In Canada, the CRA treats option premiums as income or capital gains depending on the frequency of trading and intent. Active traders may have premiums taxed as business income rather than capital gains. Canadian investors should review CRA Interpretation Bulletin IT-479R or speak with a tax advisor before selling covered calls in a non-registered account.

One practical note: selling covered calls inside a tax-advantaged account (a US Roth IRA or a Canadian TFSA) can simplify the tax picture significantly, though account rules and broker permissions still apply.

A Simple Decision Framework for Picking Your Strike Each Week

Use this four-question checklist every time you set up a TSLA covered call:

1. Is there an earnings release or major product event before my expiry date? If yes, either skip the trade or choose an expiry before the event.

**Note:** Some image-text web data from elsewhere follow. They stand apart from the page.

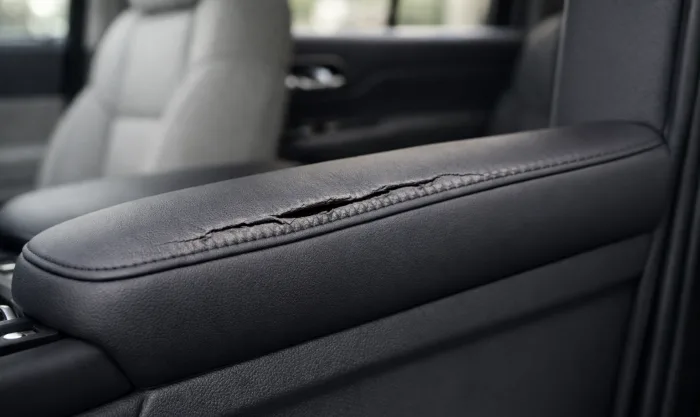 Before Armrest Foam Restoration and Vinyl Reupholstery on Dark Gray Vinyl Door Armrest in Los Angeles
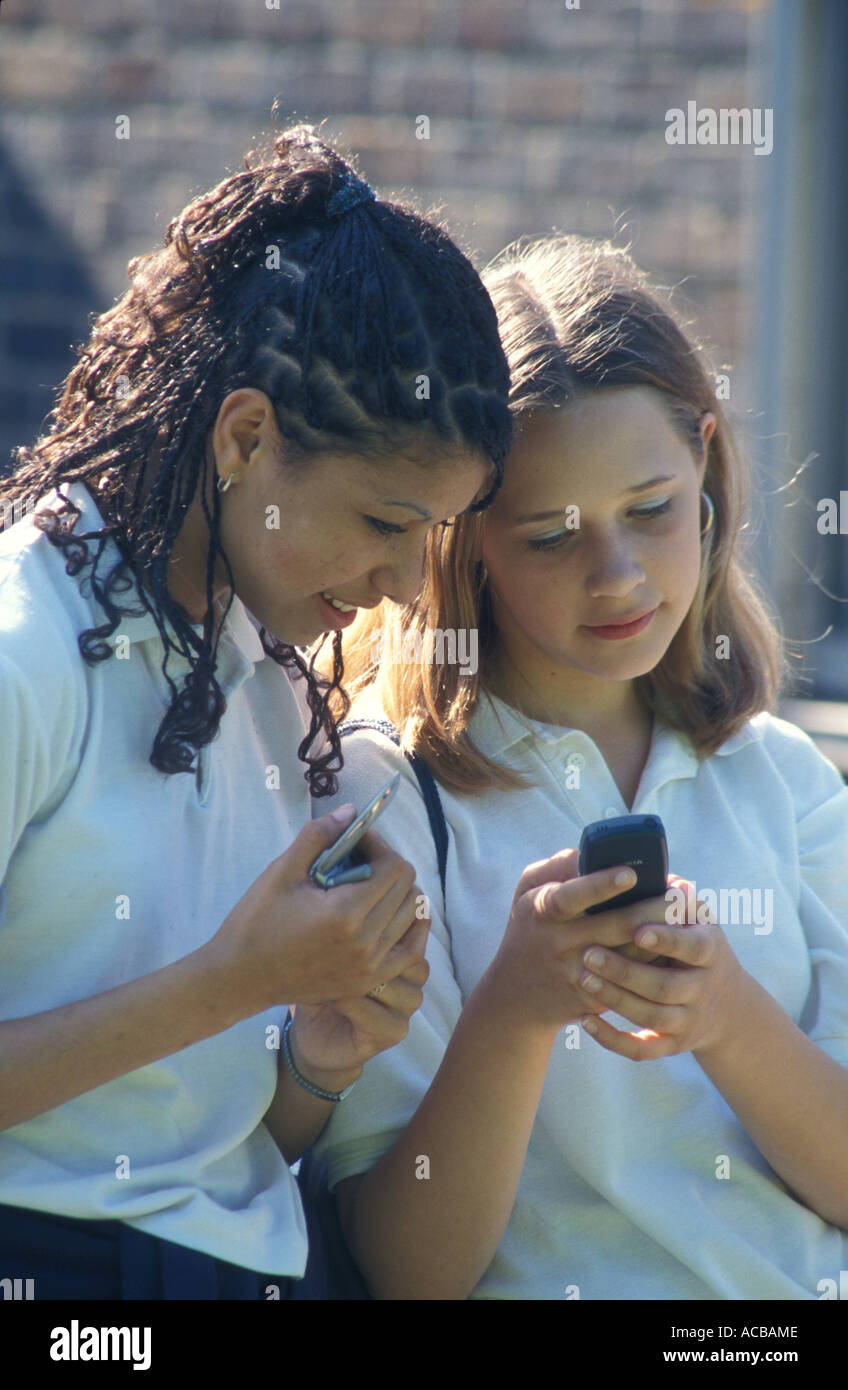 Two secondary school girls at school texting on mobile phones Stock Photo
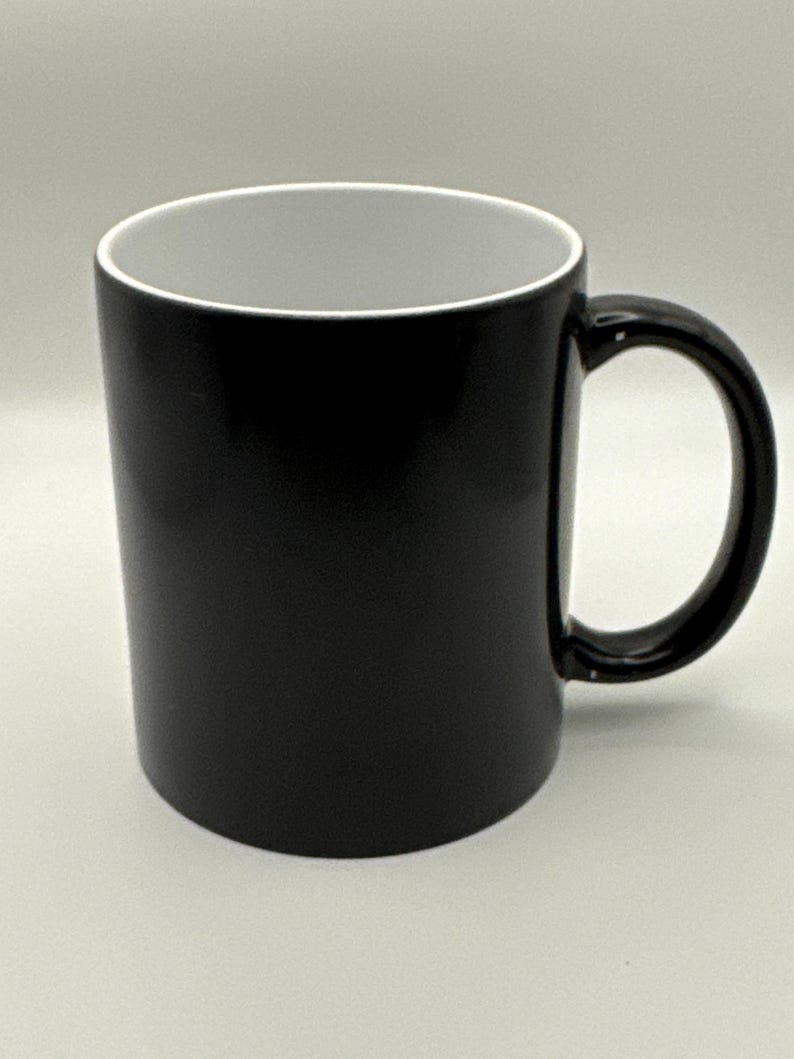 May include: A black ceramic mug with a white interior. The mug has a rounded handle and a cylindrical shape. The exterior is a solid, glossy black. The mug is designed for hot or cold beverages.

2. Is TSLA's implied volatility rank above 40? If yes, premiums are reasonable. If no, consider waiting or moving to a shorter expiry to reduce time in the trade.

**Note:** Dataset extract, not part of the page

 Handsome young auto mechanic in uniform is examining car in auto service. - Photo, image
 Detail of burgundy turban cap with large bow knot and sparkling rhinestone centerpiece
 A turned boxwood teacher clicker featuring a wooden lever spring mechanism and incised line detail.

3. Am I genuinely willing to sell my shares at the strike I am choosing? If the answer is 'I hope it does not get there,' pick a higher strike or do not sell the call.

4. Does the premium cover at least 0.5% of the stock price for a weekly trade? On a $175 stock, that is $0.875 per share. If the premium is below that threshold, the risk-reward is probably not worth it.

Following this checklist will not guarantee profits, but it will keep you from making the most common mistakes: selling calls into low-IV environments, ignoring earnings risk, and choosing strikes you are not actually comfortable with.

What is the best strike price for a TSLA covered call this week?

Most income traders target a strike 5–8% above the current TSLA price, which corresponds to a delta of roughly 0.20–0.30. That range balances meaningful premium income against a reasonable probability of keeping your shares. Always check the live options chain and confirm there are no earnings or major events before your expiry date.

How much premium can I collect selling a weekly TSLA covered call?

With TSLA trading near $175 and implied volatility around 65%, a 5-day out-of-the-money call struck at $185 typically pays $1.50–$2.50 per share, or $150–$250 per 100-share contract. Premiums shift daily with stock price and IV, so check the live bid-ask spread before placing your order.

Is it safe to sell covered calls on TSLA before earnings?

Selling a covered call that expires after an earnings announcement carries significantly higher assignment risk because TSLA can move 10–20% on earnings day. Most experienced covered-call traders either avoid straddling earnings dates entirely or choose a strike far enough out-of-the-money to account for a large move. FINRA notes that corporate events create unique option risks.

What happens if TSLA shoots up past my strike price?

If TSLA closes above your strike at expiration, your 100 shares will be sold (called away) at the strike price. You keep the premium you collected, but you miss any price appreciation above the strike. This capped upside is the core trade-off of every covered call, as described by the Options Industry Council (OIC).

How are TSLA covered call premiums taxed in the US?

The IRS generally treats covered-call premiums as short-term capital gains, regardless of how long you have held the underlying shares. If your shares are assigned, the premium is added to your sale proceeds and affects your gain or loss calculation. Review IRS Publication 550 or consult a tax professional for your specific situation.

Can I sell a TSLA covered call in my IRA or TFSA?

Yes, most US brokers allow covered calls in IRAs, and Canadian brokers generally permit them in TFSAs, though you must apply for the appropriate options trading level. Selling covered calls inside a tax-advantaged account can simplify the tax treatment of premiums, since gains inside these accounts are sheltered or tax-free depending on account type and country.